> Required action:
Restate the listing word for word; omit the images.

=== Begin Enclosure ===

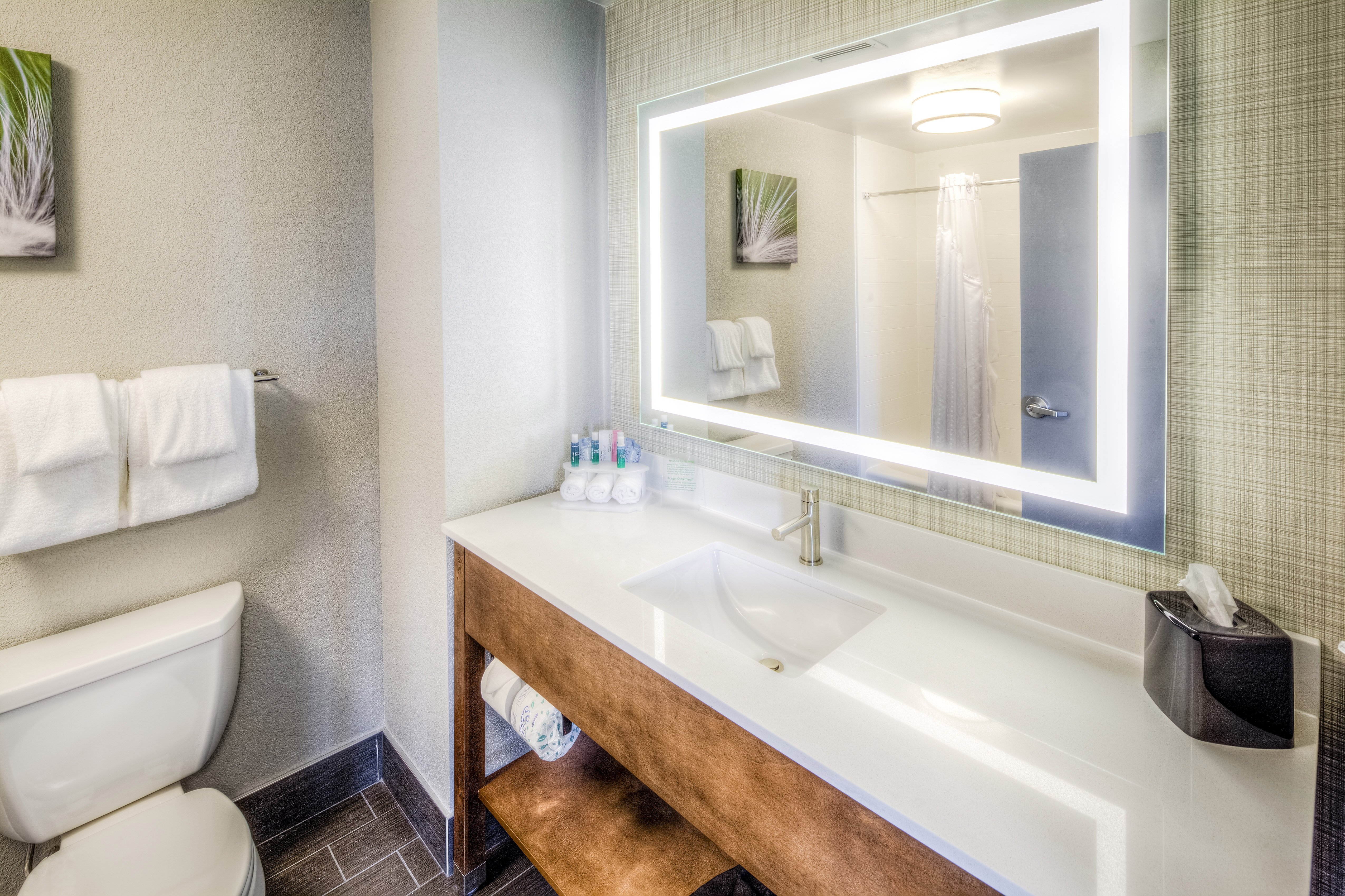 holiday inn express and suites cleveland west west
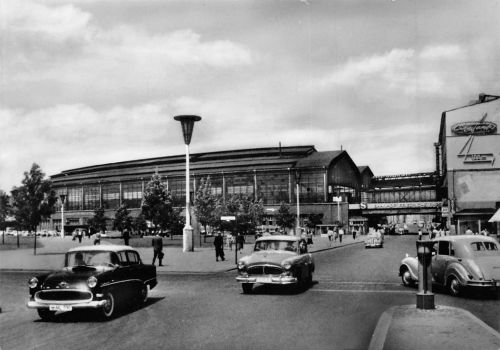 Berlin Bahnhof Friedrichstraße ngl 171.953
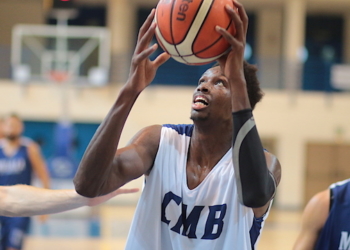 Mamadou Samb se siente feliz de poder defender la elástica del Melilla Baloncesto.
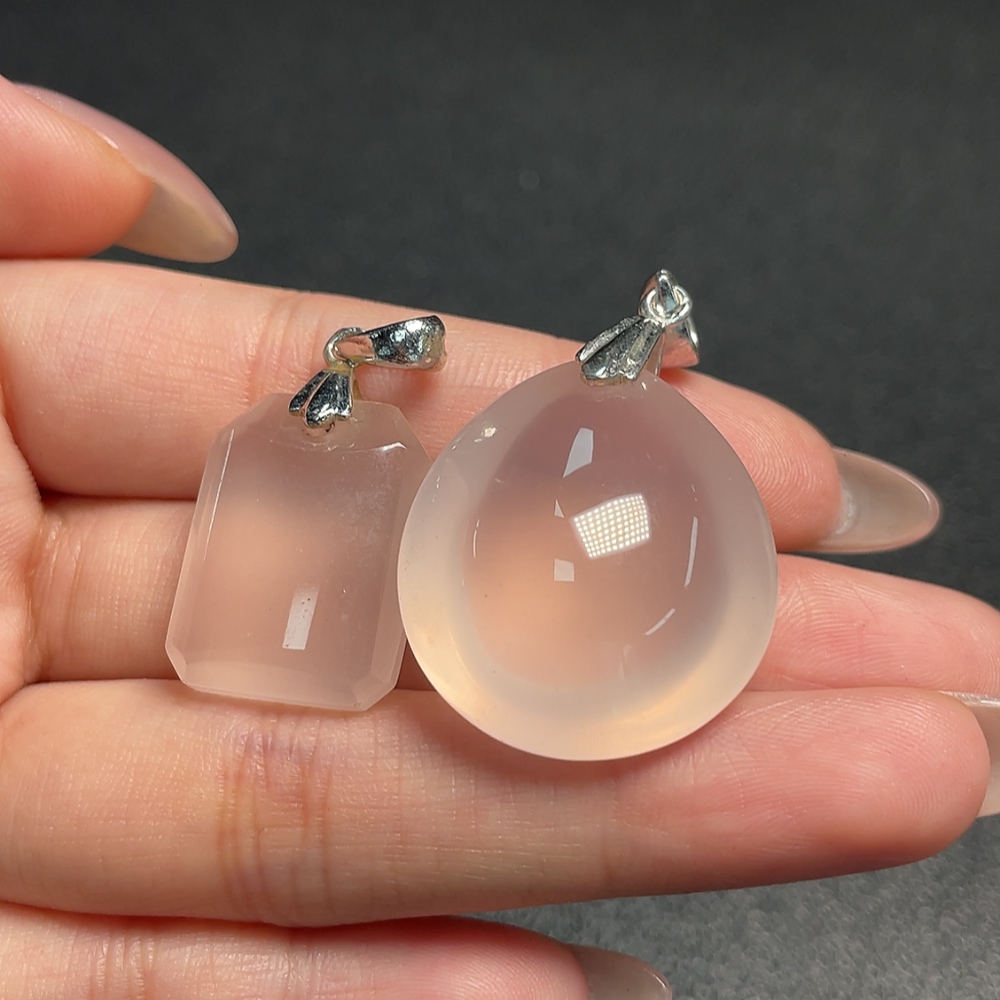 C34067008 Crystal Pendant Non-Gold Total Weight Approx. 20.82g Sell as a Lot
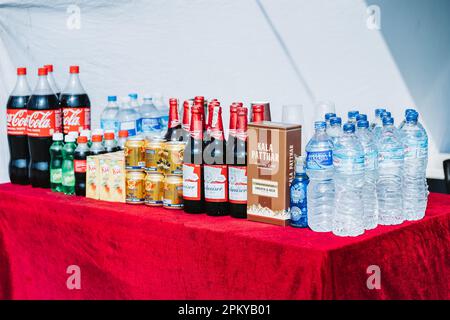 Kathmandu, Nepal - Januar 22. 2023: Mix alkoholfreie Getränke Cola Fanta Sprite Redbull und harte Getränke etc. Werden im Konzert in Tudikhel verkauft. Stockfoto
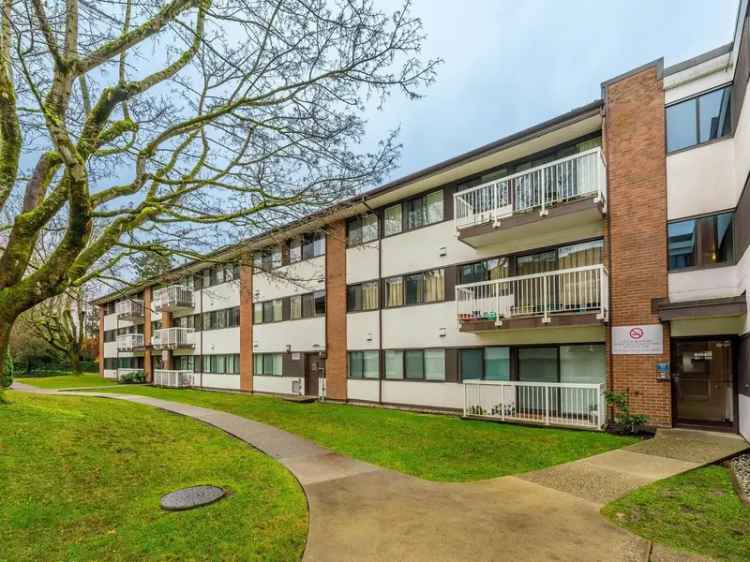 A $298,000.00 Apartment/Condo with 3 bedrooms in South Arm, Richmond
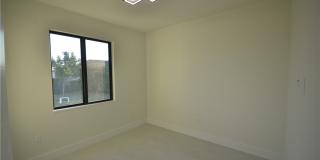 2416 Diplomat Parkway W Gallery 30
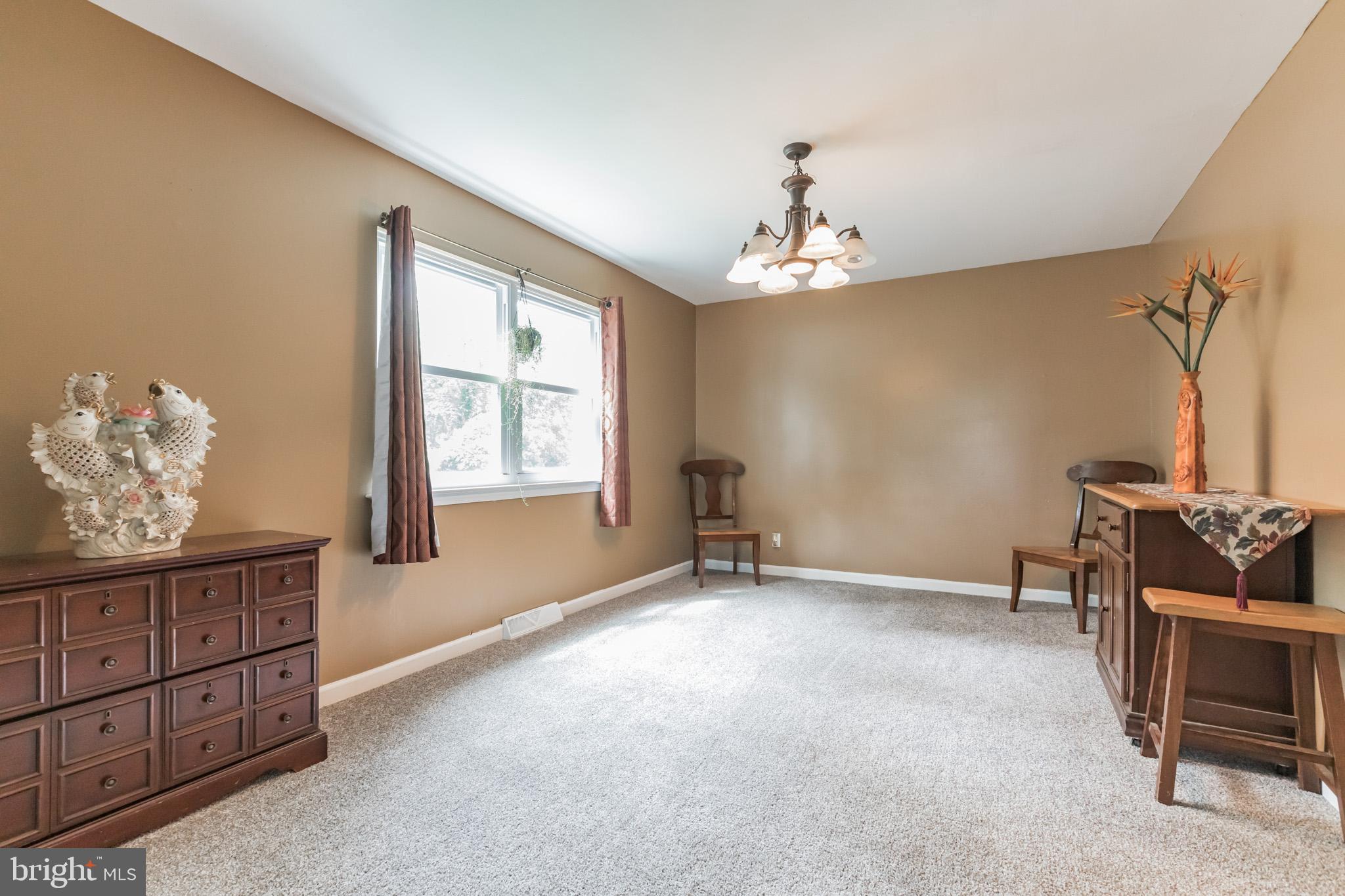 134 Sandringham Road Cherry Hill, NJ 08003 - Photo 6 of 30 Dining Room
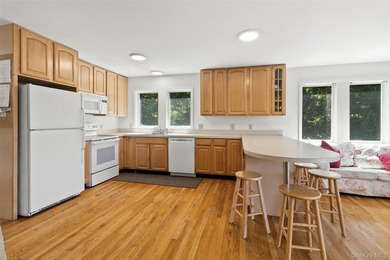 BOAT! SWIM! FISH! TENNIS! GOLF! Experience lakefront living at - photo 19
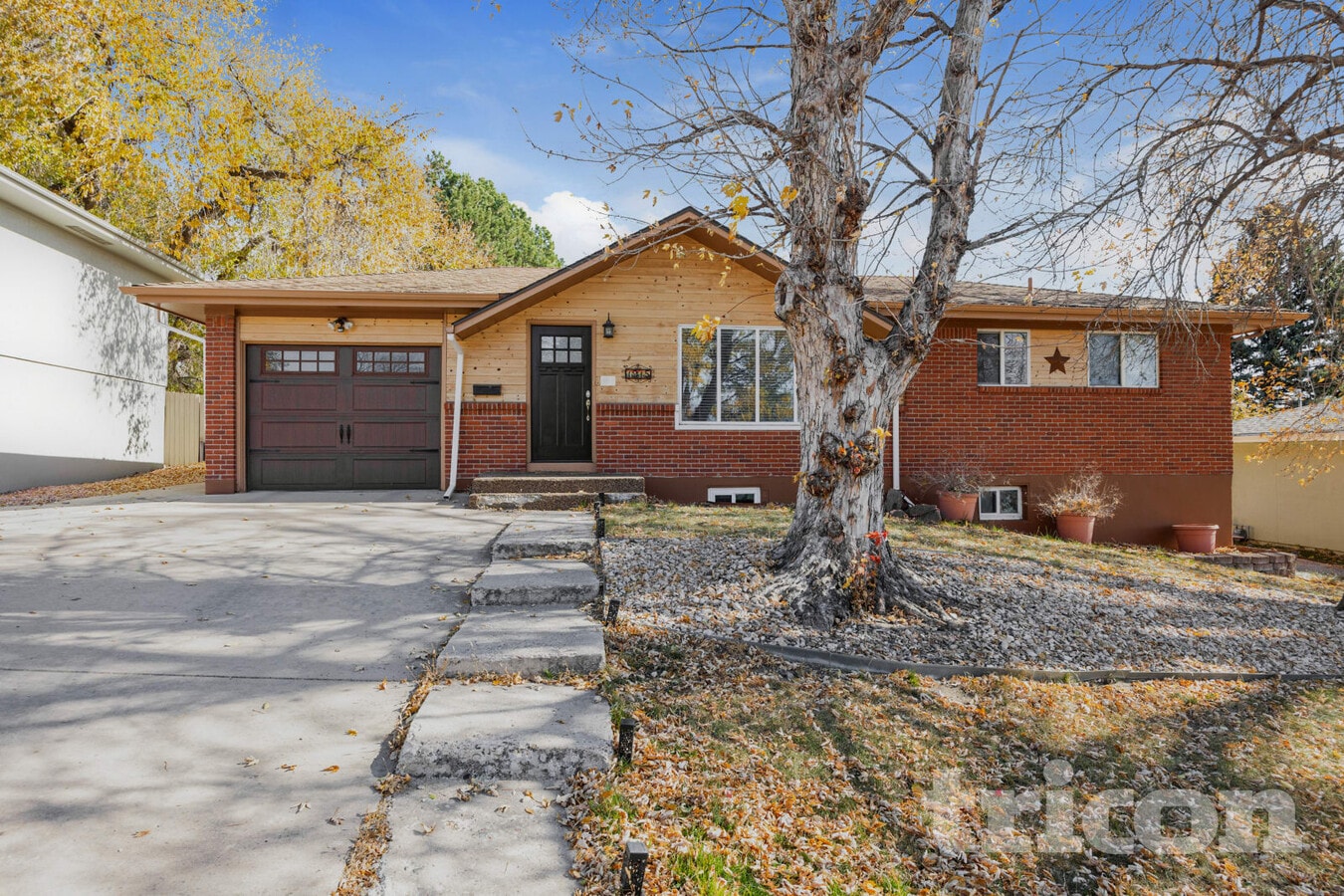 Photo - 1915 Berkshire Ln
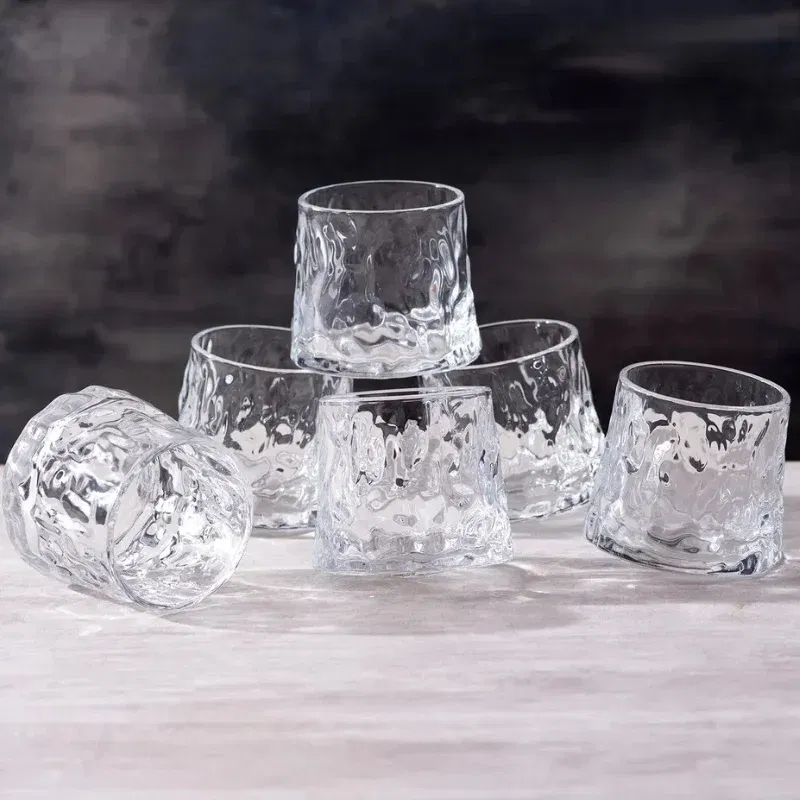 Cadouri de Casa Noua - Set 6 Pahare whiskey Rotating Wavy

=== End Enclosure ===

> Task answer:
 holiday inn express and suites cleveland west west
 Berlin Bahnhof Friedrichstraße ngl 171.953
 Mamadou Samb se siente feliz de poder defender la elástica del Melilla Baloncesto.
 C34067008 Crystal Pendant Non-Gold Total Weight Approx. 20.82g Sell as a Lot
 Kathmandu, Nepal - Januar 22. 2023: Mix alkoholfreie Getränke Cola Fanta Sprite Redbull und harte Getränke etc. Werden im Konzert in Tudikhel verkauft. Stockfoto
 A $298,000.00 Apartment/Condo with 3 bedrooms in South Arm, Richmond
 2416 Diplomat Parkway W Gallery 30
 134 Sandringham Road Cherry Hill, NJ 08003 - Photo 6 of 30 Dining Room
 BOAT! SWIM! FISH! TENNIS! GOLF! Experience lakefront living at - photo 19
 Photo - 1915 Berkshire Ln
 Cadouri de Casa Noua - Set 6 Pahare whiskey Rotating Wavy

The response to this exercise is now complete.